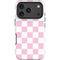 Pink and White Checkerboard iPhone 17 Pro Impact Case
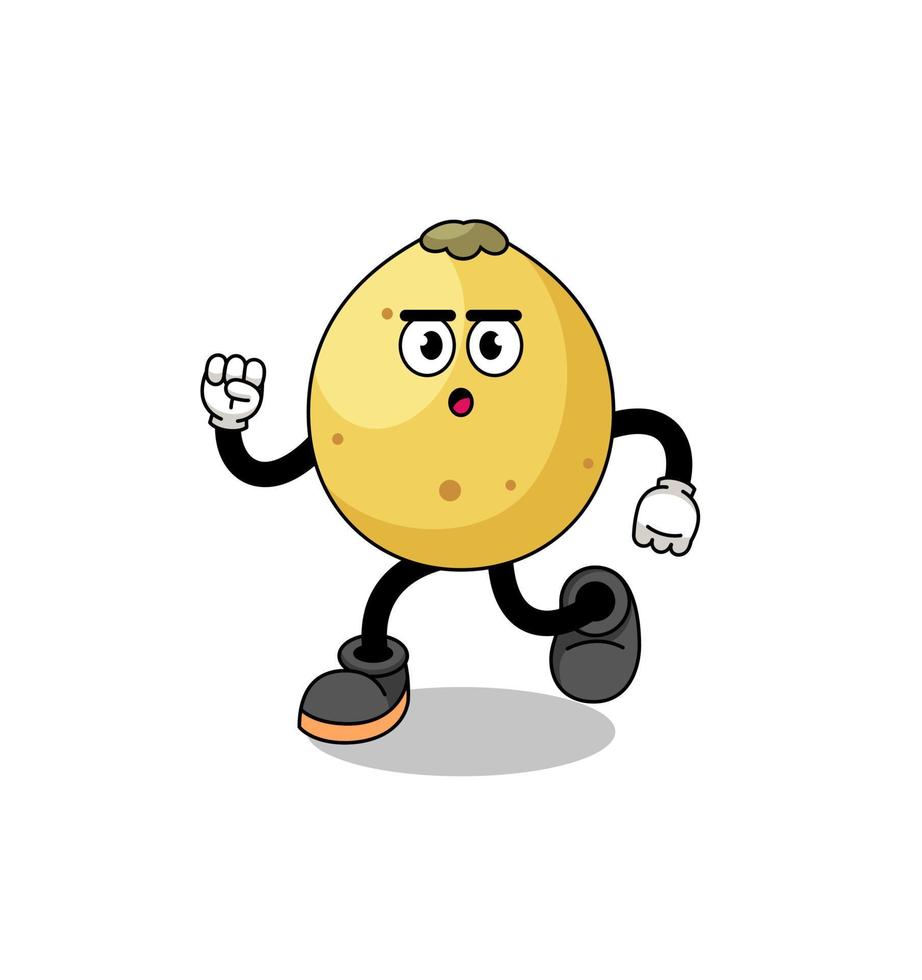 running langsat mascot illustration vector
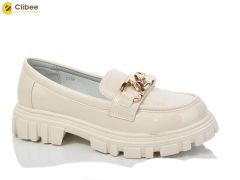 Лакові лофери з шкіряною устілкою для дівчинки, D155 beige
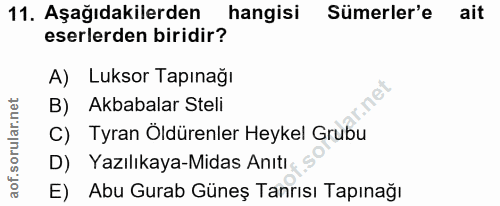 11. soru: Aşağıdakilerden hangisi Sümerler'e ait eserlerden biridir? A) Luksor Tapınağı Pou. B) Akbabalar Steli C) Tyran Oldüre…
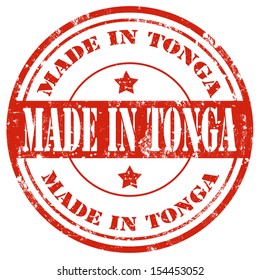 Grunge rubber stamp with text Made in Tonga,vector illustration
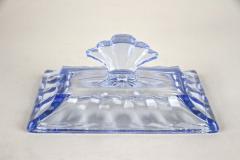 20th Century Blue Art Deco Glass Box with Lid Austria circa 1920 - 4122109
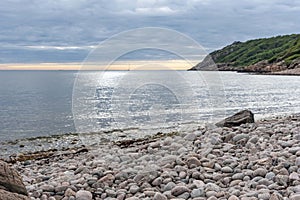 Stone beach at Molle in Sweden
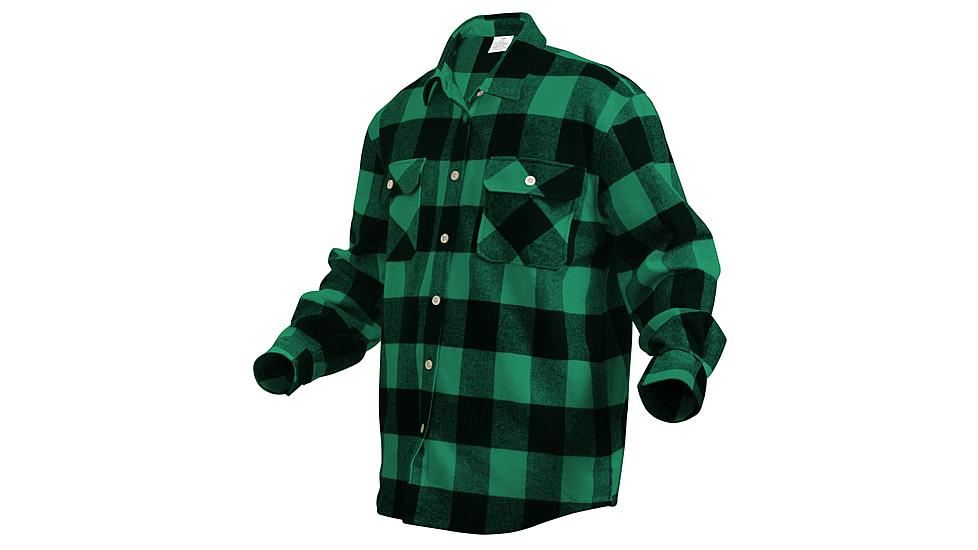 Rothco Extra Heavyweight Buffalo Plaid Flannel Shirts 260, Green Plaid, 5XL, 3742-GreenPlaid-5XL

______

#### EXERCISE
Retype all the records shown above, character for character. Omit every picture.

#### RESULT FOR THIS TASK
 Pink and White Checkerboard iPhone 17 Pro Impact Case
 running langsat mascot illustration vector
 Лакові лофери з шкіряною устілкою для дівчинки, D155 beige
 11. soru: Aşağıdakilerden hangisi Sümerler'e ait eserlerden biridir? A) Luksor Tapınağı Pou. B) Akbabalar Steli C) Tyran Oldüre…
 Grunge rubber stamp with text Made in Tonga,vector illustration
 20th Century Blue Art Deco Glass Box with Lid Austria circa 1920 - 4122109
 Stone beach at Molle in Sweden
 Rothco Extra Heavyweight Buffalo Plaid Flannel Shirts 260, Green Plaid, 5XL, 3742-GreenPlaid-5XL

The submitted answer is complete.